# [Given information]
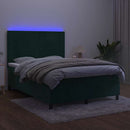 kontinentalseng med LED-lys 140x200 cm fløjl mørkegrøn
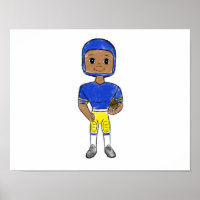 vintage retro voetballer blauw geel eenvoudig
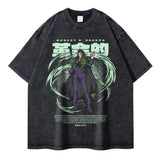 Portgas D Ace T-shirts Vintage Washed Anime T Shirt Luffy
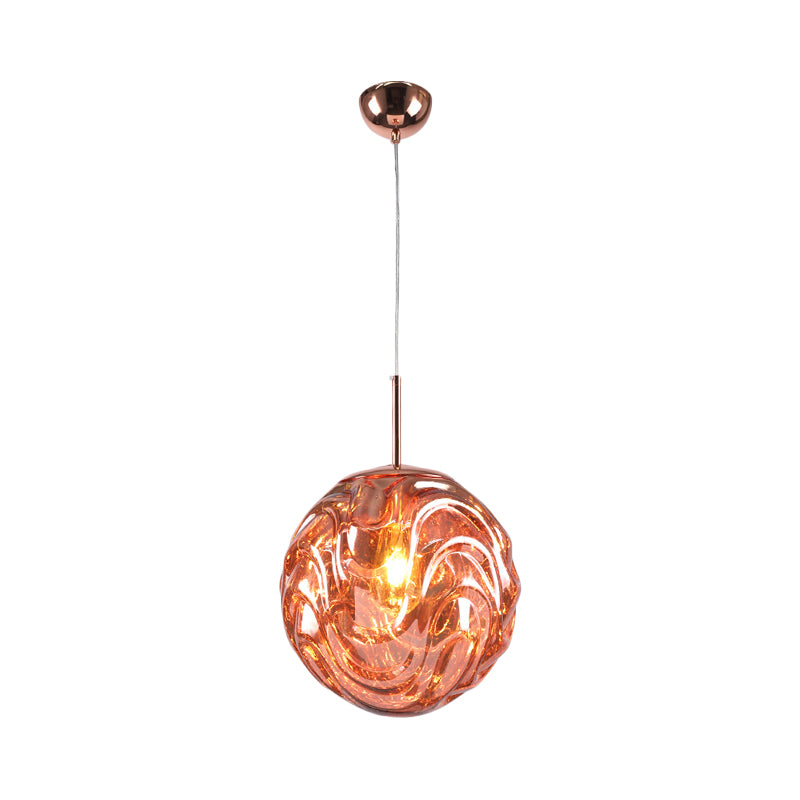 Contemporary 1 Light Pendant Light with Black/Silver/Blue Glass Shade Meringue Hanging Ceiling Light Clearhalo 'Ceiling Lights' 'Modern Pendants' 'Modern' 'Pendant Lights' 'Pendants' Lighting' 207874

# [Activity]
Line by line and exactly, write out the material above. Skip the pictures.

# [Your solution]
 kontinentalseng med LED-lys 140x200 cm fløjl mørkegrøn
 vintage retro voetballer blauw geel eenvoudig
 Portgas D Ace T-shirts Vintage Washed Anime T Shirt Luffy
 Contemporary 1 Light Pendant Light with Black/Silver/Blue Glass Shade Meringue Hanging Ceiling Light Clearhalo 'Ceiling Lights' 'Modern Pendants' 'Modern' 'Pendant Lights' 'Pendants' Lighting' 207874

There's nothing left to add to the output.